[Information supplied — start]
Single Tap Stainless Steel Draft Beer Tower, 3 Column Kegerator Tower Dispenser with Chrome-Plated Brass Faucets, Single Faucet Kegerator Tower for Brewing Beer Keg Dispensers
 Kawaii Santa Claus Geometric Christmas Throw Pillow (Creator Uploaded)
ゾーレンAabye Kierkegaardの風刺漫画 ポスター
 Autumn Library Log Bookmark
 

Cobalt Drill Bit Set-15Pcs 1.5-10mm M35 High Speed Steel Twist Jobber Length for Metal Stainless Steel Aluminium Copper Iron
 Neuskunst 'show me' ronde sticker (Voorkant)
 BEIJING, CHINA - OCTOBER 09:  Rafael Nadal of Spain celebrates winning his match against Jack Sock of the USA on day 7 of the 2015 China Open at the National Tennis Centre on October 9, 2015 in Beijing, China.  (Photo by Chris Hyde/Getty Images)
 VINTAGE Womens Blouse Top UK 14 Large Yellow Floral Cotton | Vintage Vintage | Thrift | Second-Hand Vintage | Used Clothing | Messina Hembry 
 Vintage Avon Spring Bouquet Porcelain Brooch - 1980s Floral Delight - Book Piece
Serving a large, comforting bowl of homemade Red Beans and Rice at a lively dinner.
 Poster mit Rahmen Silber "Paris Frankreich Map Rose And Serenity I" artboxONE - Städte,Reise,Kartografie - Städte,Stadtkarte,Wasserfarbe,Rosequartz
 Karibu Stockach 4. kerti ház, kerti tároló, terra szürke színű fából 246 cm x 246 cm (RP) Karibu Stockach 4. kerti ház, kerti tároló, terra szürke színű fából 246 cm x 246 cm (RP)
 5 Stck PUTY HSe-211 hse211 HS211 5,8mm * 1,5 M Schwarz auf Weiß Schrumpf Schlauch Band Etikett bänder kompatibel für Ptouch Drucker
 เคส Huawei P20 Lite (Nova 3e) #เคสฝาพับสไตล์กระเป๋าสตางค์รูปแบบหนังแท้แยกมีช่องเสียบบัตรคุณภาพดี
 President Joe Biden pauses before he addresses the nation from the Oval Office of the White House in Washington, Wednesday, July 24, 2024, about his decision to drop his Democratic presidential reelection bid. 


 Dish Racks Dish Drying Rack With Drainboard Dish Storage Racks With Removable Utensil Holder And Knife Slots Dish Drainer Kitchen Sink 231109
[Information supplied — finish]
→ **Prompt**:
Please be sure to repeat every entry exactly.

→ **Your solution**:
Single Tap Stainless Steel Draft Beer Tower, 3 Column Kegerator Tower Dispenser with Chrome-Plated Brass Faucets, Single Faucet Kegerator Tower for Brewing Beer Keg Dispensers
 Kawaii Santa Claus Geometric Christmas Throw Pillow (Creator Uploaded)
ゾーレンAabye Kierkegaardの風刺漫画 ポスター
 Autumn Library Log Bookmark
 

Cobalt Drill Bit Set-15Pcs 1.5-10mm M35 High Speed Steel Twist Jobber Length for Metal Stainless Steel Aluminium Copper Iron
 Neuskunst 'show me' ronde sticker (Voorkant)
 BEIJING, CHINA - OCTOBER 09:  Rafael Nadal of Spain celebrates winning his match against Jack Sock of the USA on day 7 of the 2015 China Open at the National Tennis Centre on October 9, 2015 in Beijing, China.  (Photo by Chris Hyde/Getty Images)
 VINTAGE Womens Blouse Top UK 14 Large Yellow Floral Cotton | Vintage Vintage | Thrift | Second-Hand Vintage | Used Clothing | Messina Hembry 
 Vintage Avon Spring Bouquet Porcelain Brooch - 1980s Floral Delight - Book Piece
Serving a large, comforting bowl of homemade Red Beans and Rice at a lively dinner.
 Poster mit Rahmen Silber "Paris Frankreich Map Rose And Serenity I" artboxONE - Städte,Reise,Kartografie - Städte,Stadtkarte,Wasserfarbe,Rosequartz
 Karibu Stockach 4. kerti ház, kerti tároló, terra szürke színű fából 246 cm x 246 cm (RP) Karibu Stockach 4. kerti ház, kerti tároló, terra szürke színű fából 246 cm x 246 cm (RP)
 5 Stck PUTY HSe-211 hse211 HS211 5,8mm * 1,5 M Schwarz auf Weiß Schrumpf Schlauch Band Etikett bänder kompatibel für Ptouch Drucker
 เคส Huawei P20 Lite (Nova 3e) #เคสฝาพับสไตล์กระเป๋าสตางค์รูปแบบหนังแท้แยกมีช่องเสียบบัตรคุณภาพดี
 President Joe Biden pauses before he addresses the nation from the Oval Office of the White House in Washington, Wednesday, July 24, 2024, about his decision to drop his Democratic presidential reelection bid. 


 Dish Racks Dish Drying Rack With Drainboard Dish Storage Racks With Removable Utensil Holder And Knife Slots Dish Drainer Kitchen Sink 231109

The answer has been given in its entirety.